An Exercise in Irrelevance - Restoring Kblog

We’ve been working for sometime now on our lightweight semantic publishing environment, kblog. Near the beginning of the last academic year, unfortunately, we were compromised through a zero-day vulnerability. With the press of academic life and teaching, it has taken me a long, long time to get the show back on the road. However, finally, I think we have achieved this. The main cause for the delay was, simply, that I didn’t have time — at other stages of the year, it would not have been so much of a problem, but in October there is very little give in my working week. However, an additional problem has been that restoring kblog was a lot more effort than it should have been.

If you are only interested in kblog itself, well, it should be up now. The rest of this post is going to be a technical write-up.

First, we decided to take the opportunity to move kblog over to a larger machine. It was running on a small virtual machine previously. In general, this coped well with the traffic, but we wanted something with a bit more memory — it was a little stretched while we held workshops, and lots of people were authoring at once. We have also secured the machine up further than before. I wont go into too many details here, for obvious reasons, but I think it is less like to get hacked in future, although the risk is still there.

Kblog started out as an experiment: both a development machine for the knowledgeblog environment and a service for people to read. This is not really a tenable situation; in future, we’ll only upload new kblog plugins after a while longer testing. I’ve also removed some of the third party plugins — I want to move knowledgeblog to being run under wordpress DEBUG without warnings. For a while, this is like to result in a few missing pieces of functionality: gravatars and versioning being the most obvious examples. The server will not ONLY be for the web. Mailing lists and such like will move onto Google code; why host something we do not have to?

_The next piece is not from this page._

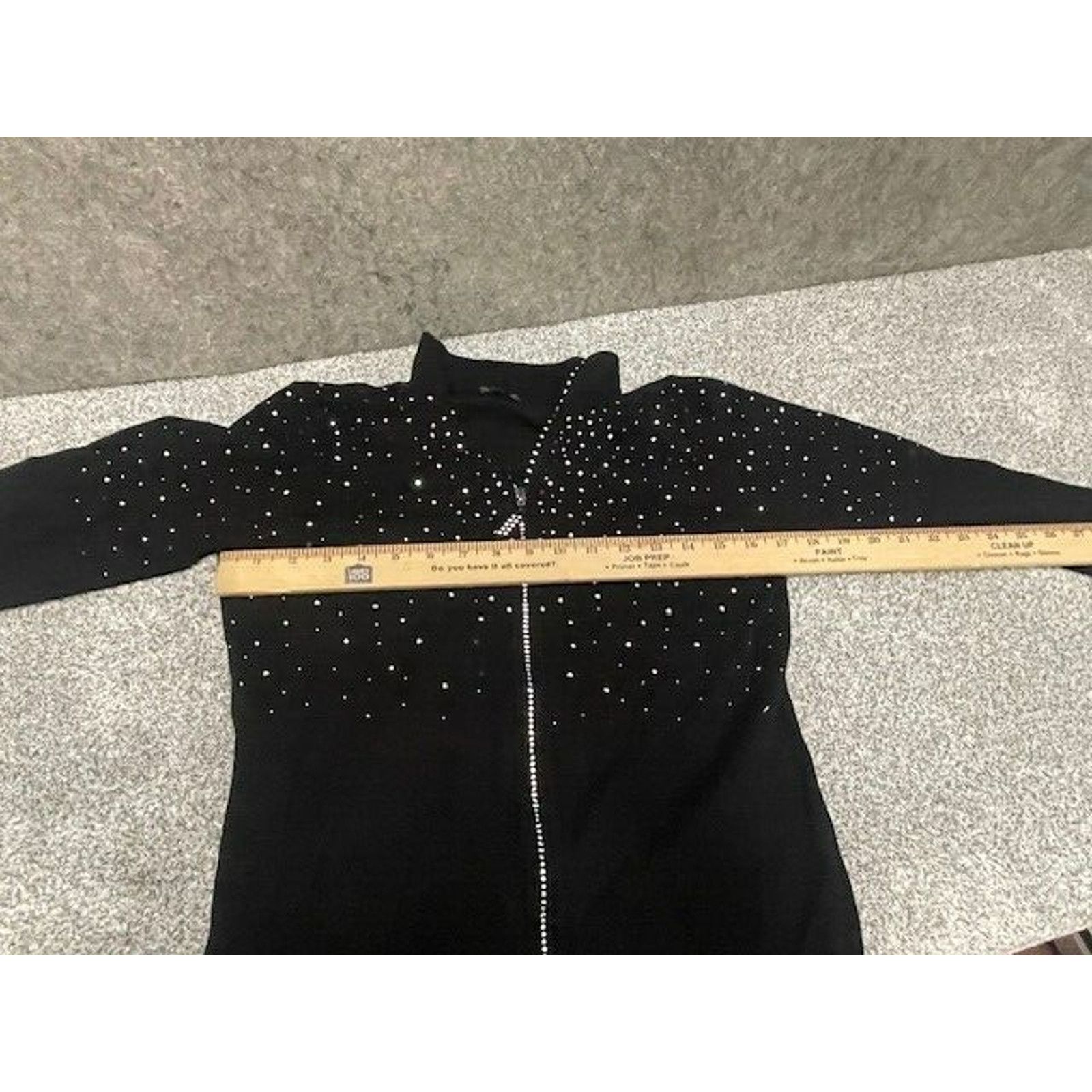 Other Fontana Jacket Women M Rhinestones Sparkly Bejeweled Studded Size M / US 6-8 / IT 42-44 - 5 Thumbnail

To restore cleanly, we have decided to use a from fresh install. No PHP from wordpress has been maintained from the old site; everything has been checked out anew. We have also been through the database, and as far as we can tell, there is no malicious content there, although we cannot discount the possibility.

The restoration itself was much harder than expected, for historical reasons. Kblog was originally a Wordpress MU installation — the multisite version of wordpress. Since Wordpress 3.0 came out, however, this has not been an independent install; we ported over to a being a standard Network installed Wordpress 3.0 a while back. However, this historical baggage was a substantial impediment to restoration. It turns out that the standard install and restore process doesn’t work under these circumstances. Essentially, we got the infamous “Error establishing a database connection”. With some help from the forums, I tried testing the MySQL connection (it worked), the privileges (which were correct), a clean installation in the same database (by swapping the table prefixes and installing anew). After a minor diversion with my rewrite rules, I could still find no problems or mistakes with my install.

At this point, I resorted to a full debug of the Wordpress load. The error started in wp-settings.php, at the call to wp_not_installed() Chasing down a bit further, got me to is_blog_installed. This checks for the options table, which appeared to not exist, and then for other WP tables which DID exist, at which point it calls dead_db(). Despite having just connected to the database, Wordpress prints the entirely unhelpful “Error establishing a database connection” message at this point.

After much poking around, I found the cause. Rather than using a normalised schema in its database, wordpress use duplicate tables. So, rather than having WP_POSTS, with a blog id column, each blog has an independent set of tables, as well as a few which are shared between all blogs, a sort of “psuedoschema”. Between WPMU and WP3 this psuedoschema changed — the tables for the first blog were prefixed wp_1_ in MU, but are now just wp_. Subsequent blogs are wp_2_, wp_3_ and so on. Not ideal, but I guess is simplifies the SQL, as most of Wordpress deals with only a single blog at a time.

Now, normally, wordpress copes with this. Something in the wp_config.php tells Wordpress to look for wp_1_ rather than wp_, when this wp_config.php has resulted from an upgraded WPMU installation. Unfortunately, I had done a fresh install. Now, I realised that this was a risk, but I decided that “fixing” the database was the best option. It already appears that having an ex-WPMU database had caused problems now, and into the future this is only going to get worse. So, I renamed the tables with a bit of SQL.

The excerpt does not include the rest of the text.